Srinivasa likens Kana's industry to the customer relationship management market during its period of consolidation a few years ago. "If you agree that it's consolidating, Kana looks like it's assembling the best pieces of technology and new customers," Srinivasa says.
Finally, It's About Selling
Upon his arrival as CEO of CommercialWare Inc. in January, Amesh Mehta immediately bet his salespeople at the Natick, Massachusetts-based retail e-commerce software maker that he could outsell all of them and still do his job. At stake: a cool $2,000 to the one who nailed the first prospect.
"I challenged the sales force to call prospects," he says. "And I beat them," he adds, recalling how he brought in Casual Corner Group Inc. in Enfield, Connecticut, as the first new customer.
Analysts who know Mehta, such as Janet Suleski at AMR Research Inc. in Boston, say he's an "exceptional" leader. Suleski praises Mehta for sharp recruiting, fixing the company's marketing message and cutting key deals with IBM and San Mateo, California-based Blue Martini Inc. She says she believes CommercialWare should continue to thrive in the retail application software market, which she expects to grow 36% this year.

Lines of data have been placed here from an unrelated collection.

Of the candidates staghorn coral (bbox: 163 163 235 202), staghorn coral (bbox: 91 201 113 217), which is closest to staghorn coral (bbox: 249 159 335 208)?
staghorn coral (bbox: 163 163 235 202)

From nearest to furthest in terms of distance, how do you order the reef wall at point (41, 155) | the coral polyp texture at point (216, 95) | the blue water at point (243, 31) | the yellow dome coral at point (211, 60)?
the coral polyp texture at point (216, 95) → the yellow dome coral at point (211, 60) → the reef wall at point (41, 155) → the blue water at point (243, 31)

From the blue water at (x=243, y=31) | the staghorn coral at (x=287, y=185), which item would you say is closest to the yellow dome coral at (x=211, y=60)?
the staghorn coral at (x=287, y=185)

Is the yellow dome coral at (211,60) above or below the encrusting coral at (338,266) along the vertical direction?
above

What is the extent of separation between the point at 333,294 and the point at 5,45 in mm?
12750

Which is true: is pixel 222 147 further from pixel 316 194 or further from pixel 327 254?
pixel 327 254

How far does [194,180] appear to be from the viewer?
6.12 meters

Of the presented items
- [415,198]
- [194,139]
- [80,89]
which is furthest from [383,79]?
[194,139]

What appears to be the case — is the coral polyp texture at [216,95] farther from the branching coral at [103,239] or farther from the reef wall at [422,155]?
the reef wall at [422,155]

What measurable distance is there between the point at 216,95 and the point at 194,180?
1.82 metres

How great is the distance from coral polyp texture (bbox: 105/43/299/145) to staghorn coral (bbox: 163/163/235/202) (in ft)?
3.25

Product/service used: Used FreeMarkets Inc. products and services to buy and sell materials and services such as motor freight contracts and plastic packaging.

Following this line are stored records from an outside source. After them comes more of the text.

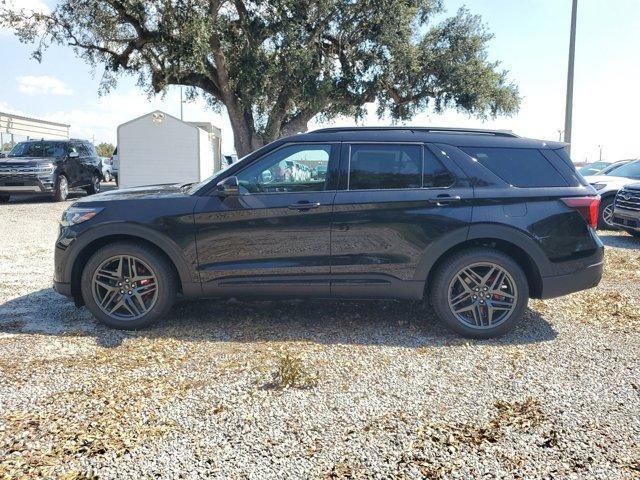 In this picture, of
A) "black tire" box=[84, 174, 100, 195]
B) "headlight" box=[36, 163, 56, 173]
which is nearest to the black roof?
"headlight" box=[36, 163, 56, 173]

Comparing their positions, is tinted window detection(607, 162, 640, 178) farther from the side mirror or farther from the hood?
the hood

Benefit gained: The glass fiber and composite materials maker says it has surpassed savings goals of 5% by using the auctions but wouldn't disclose exact amounts.
Why customer chose FreeMarkets: Owens officials say they like the services FreeMarkets offers such as making sure the proper buyers and sellers are online.
Quote: "[Online auctions and procurement have] taken procurements from being perceived as just playing golf and sitting around eating doughnuts to being a strategic part of the business." - John Gellatly, procurement leader at Owens Corning.
Product/service: BidWare auction-hosting software and an auction-hosting service.
Reason for success: Not only provides auction software but also helps to ensure that the right bidders participate in the auctions. A market operations team works with customers to ensure that the proper bidders are invited to auctions and that they are connected and in attendance when the auction begins.
Recent milestone: Officials said FreeMarkets moved $2.7 billion worth of goods through its service last year. The start-up also reported revenue of $21 million, a 167% increase from the previous year.
Passport Health Communications Inc.
Product/service used: EdgeNet Inc.'s Bondware tool, which was billed as a tool for developing community portals.
Result: Passport said Bondware was too difficult and expensive to customize.
The company is now building a new community site with ColdFusion from Allaire Corp.
Quote: "From a small community perspective, in theory, Bondware is a good idea.
But as far as being a distinctive site development tool, its just not there." - Greg George, Web administrator at Passport Health.
Product/service: Founded in 1993 as an Internet service provider (ISP), EdgeNet sold the ISP portion of its business in April 1999 to focus on selling a Web development language and software to handle online sales of configurable products.
Reason for downturn: Since selling its ISP operation, EdgeNet has cut its staff from 42 to 20 people and has seen its revenue shrink from more than $4 million to less than $2 million.
Recent milestone: Released last September, Bondware is touted by EdgeNet as an inexpensive application for creating community-oriented Web sites.